Turkish President Tayyip Erdogan has accused a jailed Turkish-German journalist of being a terrorist agent, comments which are likely to cause further unease in Berlin over the incident.
Mr Erdogan, who was speaking at a meeting of an Islamic foundation in Istanbul on Sunday, said the reporter, Deniz Yucel of Germany's Die Welt newspaper, would be tried by Turkey's independent judiciary.
Authorities arrested Yucel, a dual Turkish and German national, last month on charges of propaganda in support of a terrorist organisation and inciting the public to violence.
He was initially detained after he reported on emails that a leftist hacker collective had purportedly obtained from the private account of Berat Albayrak, Turkey's energy minister and Mr Erdogan's son-in-law.
He is the first German journalist to be detained in a Turkish crackdown following the failed July 15 coup that has frequently targeted the media. Berlin has said that a separate claim that Yucel was working as a German spy was "absolutely baseless".
Turkey has also accused Germany of supporting the network of a US-based Muslim cleric it blames for last year's attempted coup.
Germany and Turkey have been locked in a deepening row after Berlin banned some Turkish ministers from speaking to rallies of expatriate Turks ahead of a referendum next month, citing public safety concerns.
On Saturday, German news magazine Der Spiegel published an interview with the head of Germany's BND foreign intelligence agency, who said Ankara had failed to convince it that the cleric Fethullah Gulen was responsible for the coup attempt.
Mr Erdogan's spokesman said the comments were proof Germany was supporting Gulen's network, which Ankara refers to as the "Gulenist Terrorist Organisation" or "FETO".
There was no response from Germany to the comments.
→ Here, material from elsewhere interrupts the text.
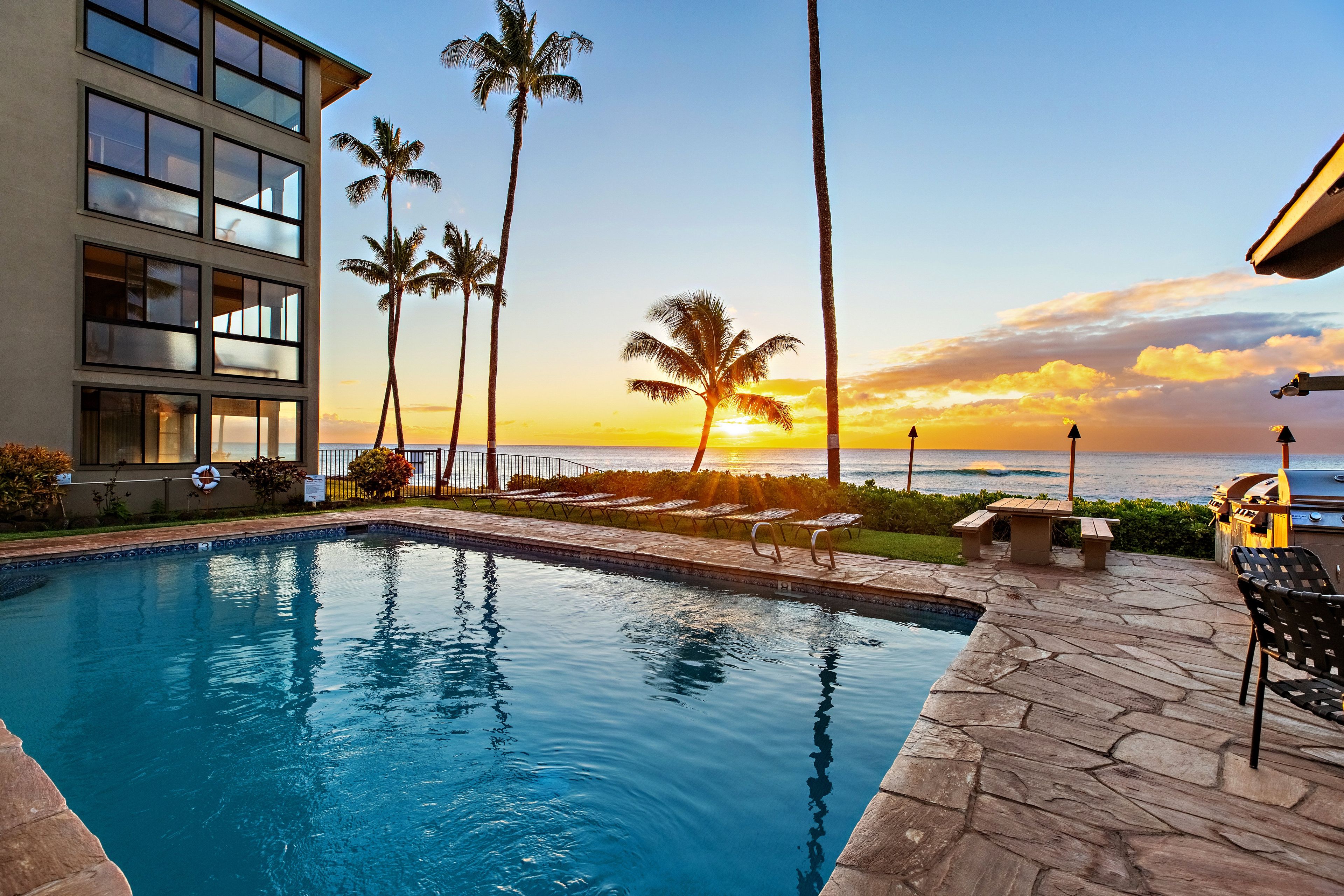 A swimming pool with a sunset view, palm trees, and a building with large windows.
Ankara blames Mr Gulen's network of followers in the military for the abortive putsch in July, when a group of rogue soldiers seized tanks, helicopters and war planes to attack parliament and attempt to overthrow the government. More than 240 people were killed in the coup attempt.
Mr Gulen, a former Erdogan ally who has lived in self-imposed exile in the United States since 1999, has denied the charges and condemned the coup.
Mr Kalin said there was a possibility Mr Erdogan could plan a rally to address Turks in Germany before the April 16 referendum on changing the constitution, a move that would further heighten tensions with Berlin.
The constitutional change would give Mr Erdogan sweeping new powers. Critics say it would give him too much power.